The only way these feats of productivity were achieved so quickly was via the powerful compound effect of consistency; by marching to the drumbeat of relentless progress, like clockwork: one second, one minute, one hour, one day, one week, one month and one year at a time. Tick. Tock. Tick. Tock. The battle rhythm of success. There's no way to achieve your goals other than to just keep working on them until they are accomplished. Talking about what you're going to achieve never achieved the thing, you have to do the work.


Sure, things may get frustrating, monotonous, thwarted, scary or maddening but try to see these temporary challenges as little tests, to establish and confirm just how much you want to succeed. Gamify the setback or challenge in your mind and regroup to master it, like you would if you'd e.g.: lost a set in tennis. You wouldn't throw the whole match because of one lost set, so don't throw your whole goal because of one setback. Regroup and focus on doing the next right thing, one step, one tennis ball at a time. If you do your best in every situation, it puts you in the best possible position in the next situation, and your successes will grow with the compound effect of consistency. Tick. Tock. Tick. Tock. The battle rhythm of success.


Think of a goal you're already proud to have accomplished. This could be anything from losing weight and increasing your fitness, to reaching a savings target in the your bank account. Let's take these two examples of losing weight and saving money; you can apply the principles to your own personal examples as we go. Now, for you to have lost weight or saved money, you did that by taking one lb off, or putting one £ in at a time. Sure, you may have taken multiple lbs off, or put multiple £s in at a time, but you didn't wake up one morning, set the weight loss/financial goal in your mind, blinked and kaboom the goal was reached. No, it took deliberate, incremental, clockwork tick, clockwork tock, over and over again until you got there.


If you want something great, you have to be someone great, because wishing for things to be better and different never made it so. It took Michelangelo approximately three years (1501-1504) to chisel David, and approximately four years (1508-1512) to paint the Sistine Chapel; one dedicated mallet tap and one focused brush stroke at a time. The man's patience was surpassed only by his immense talent and devotion to his goal, and you too have been blessed with the necessary skills, wisdom, tenacity, resilience and intelligence to channel your attention and energy into anything you can imagine - but you need to believe in you. So tell me, what can you achieve in the next 3-4 years?


If you think you don't have time, ask yourself this: "I want X [e.g.: to binge watch Netflix], but do I want Y [your stated goal] more?" If the answer is yes, you do want to achieve your stated goal more than you want to binge watch Netflix, then you know what you must do, and then go and actually do it, because two essential components of consistency are discipline and commitment, i.e.: doing the thing you said you'd do, long after the initial enthusiasm of goal setting has passed.
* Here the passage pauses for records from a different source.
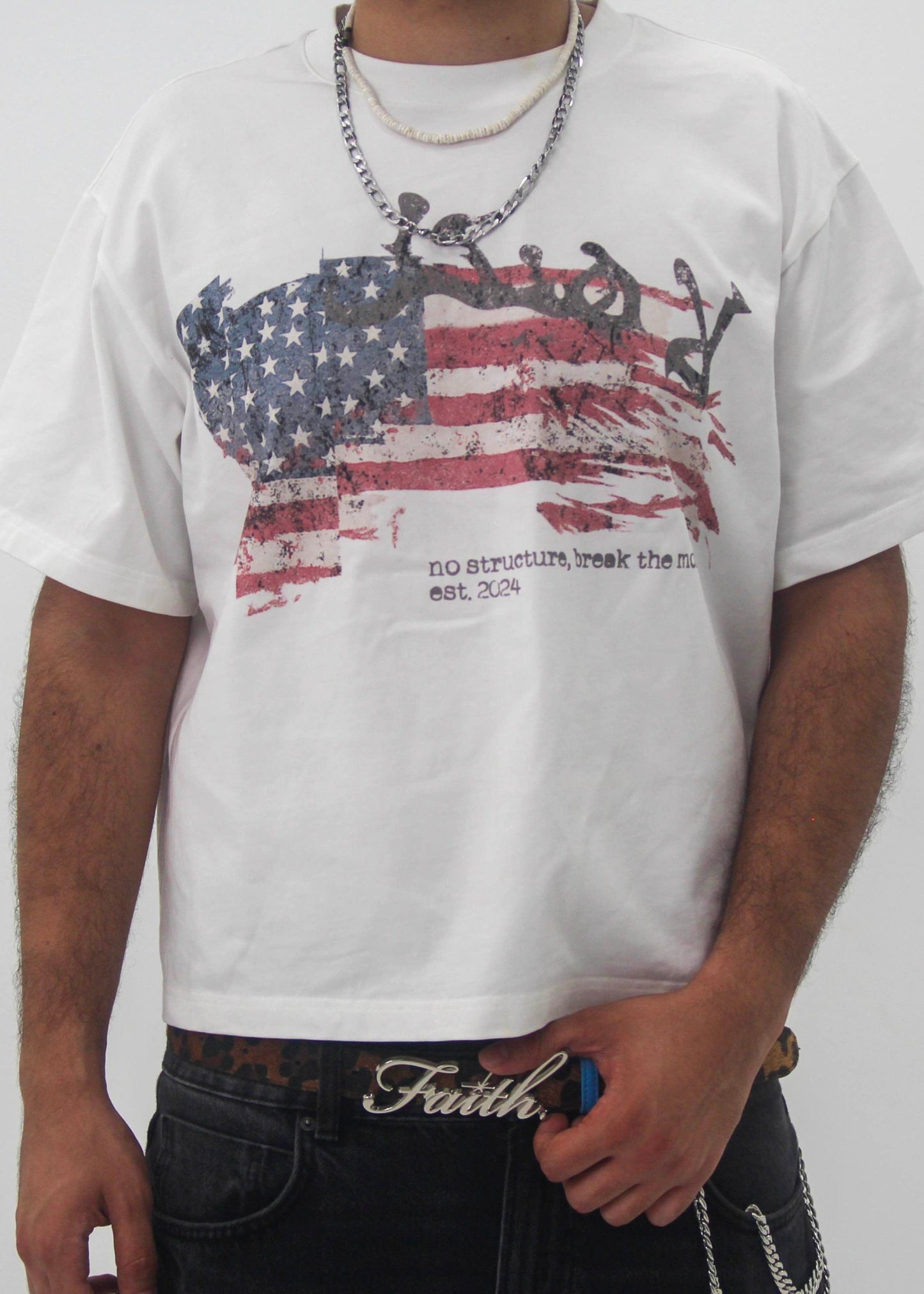 "NOSTRUCTURE" Tee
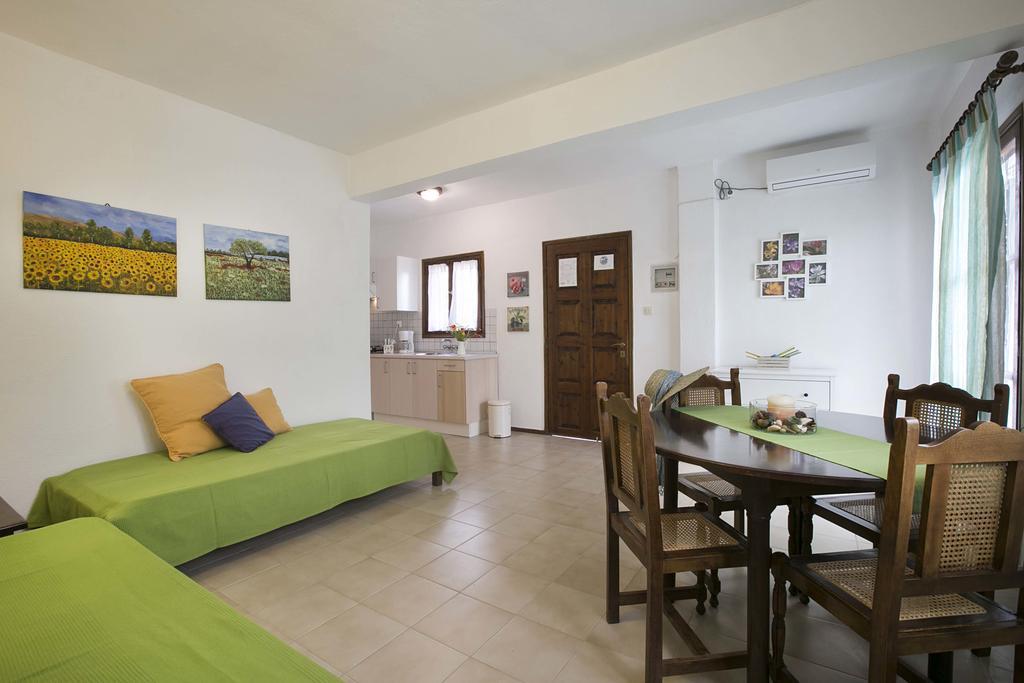 Neria Summer Houses Hanioti Buitenkant foto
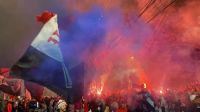 Torcida do São Paulo homenageia Izquierdo em chegada da delegação ao Morumbis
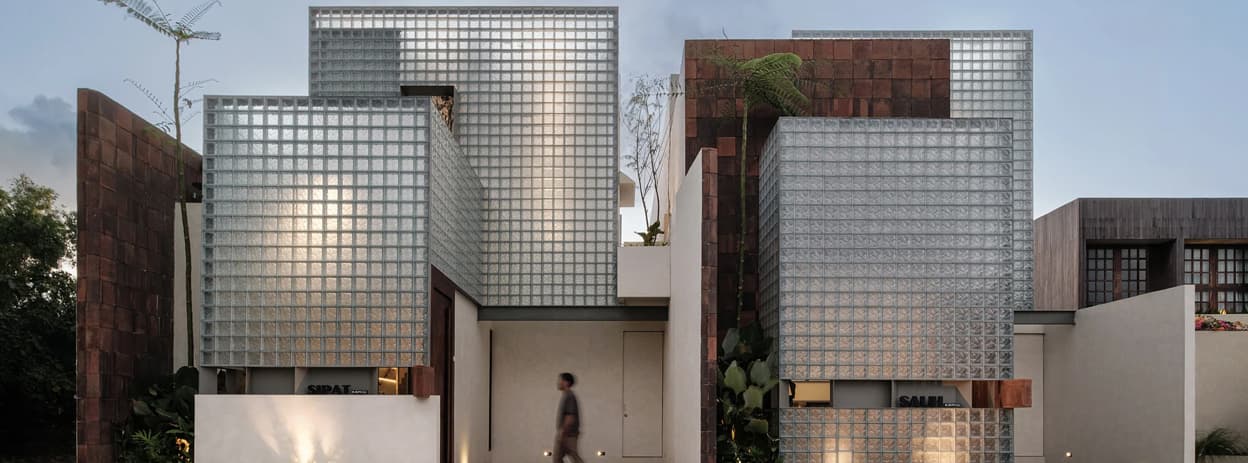 ویلای سیپات و ساو در بالی؛ طراحی با پوسته شیشه ای و حیاط مرکزی | تحلیل معماری در مجله ۲۳گانه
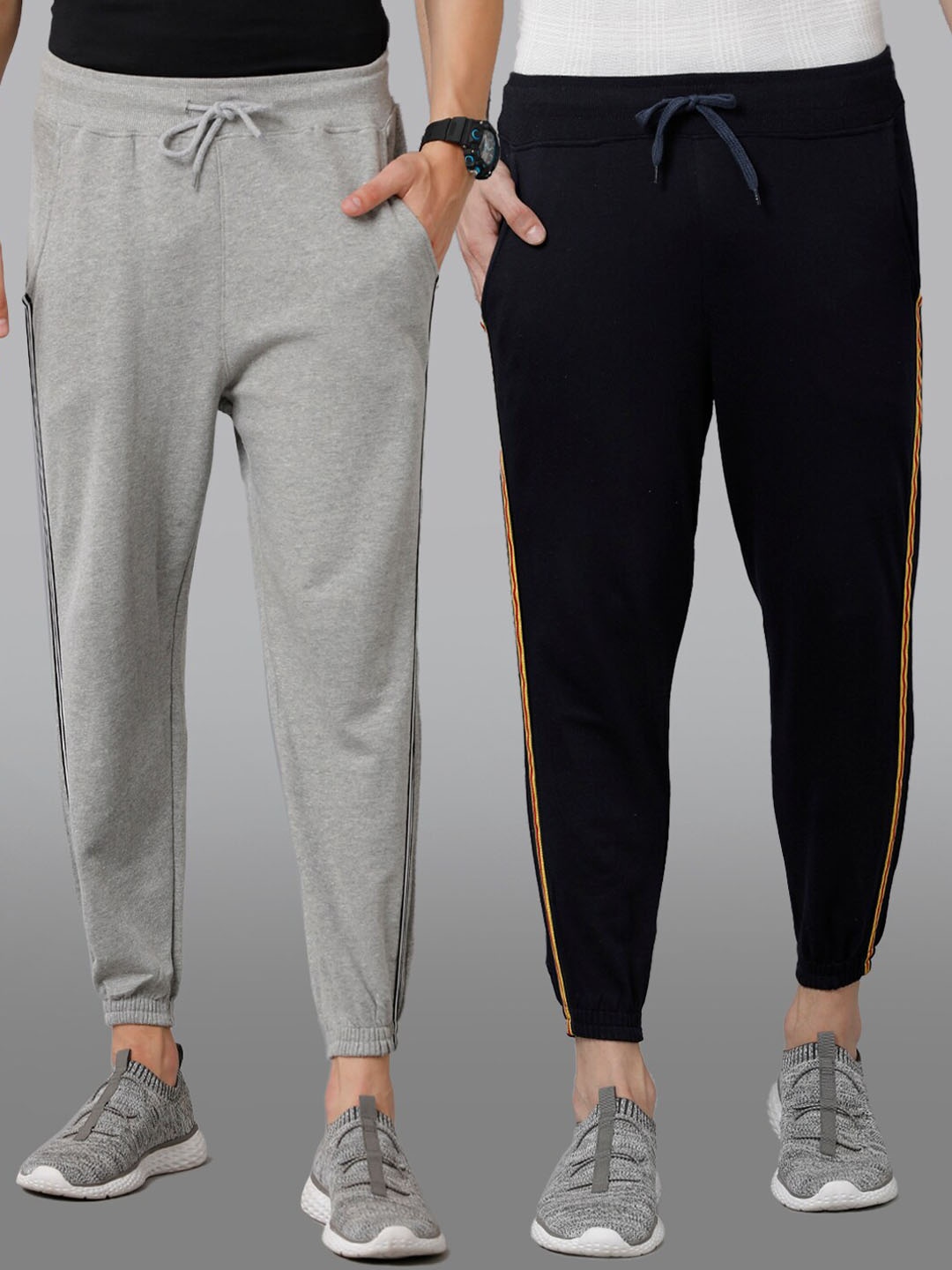 

MADSTO Men Pack Of 2 Cotton Slim-Fit Track Pants, Navy blue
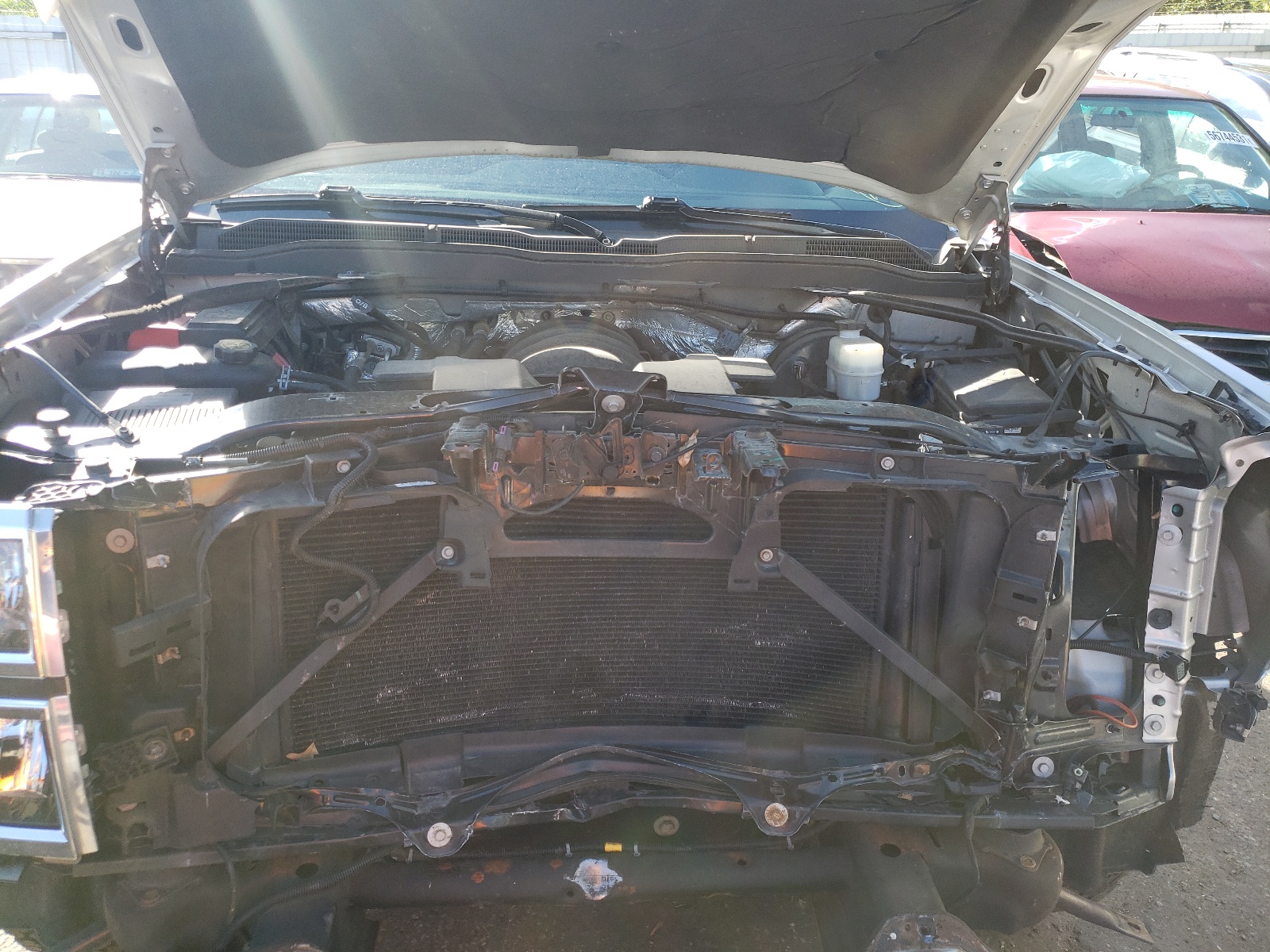 Photo 7 from auction – 2015 CHEVROLET SILVERADO with VIN 3GCUKRECXFG373957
And how do you actually manifest that? By doing the next right thing when it should be done, by following the consistent drumbeat of progress, as your milliseconds become days and your days become decades. Make like clockwork: tick, tock, steady, rhythmical, focused intent, which will naturally compound over time to become your progress and success. Consistency is everything. If you are persistent you will get it, and if you're consistent you will keep it.


Never balk at how long a goal will take to reach, because the time will pass anyway, but this way will give you a receipt for the time you have spent; you will have something worthwhile to show for your billion millisecond dedication, repeated with the relentless determination of the greatest of all time. GO DO!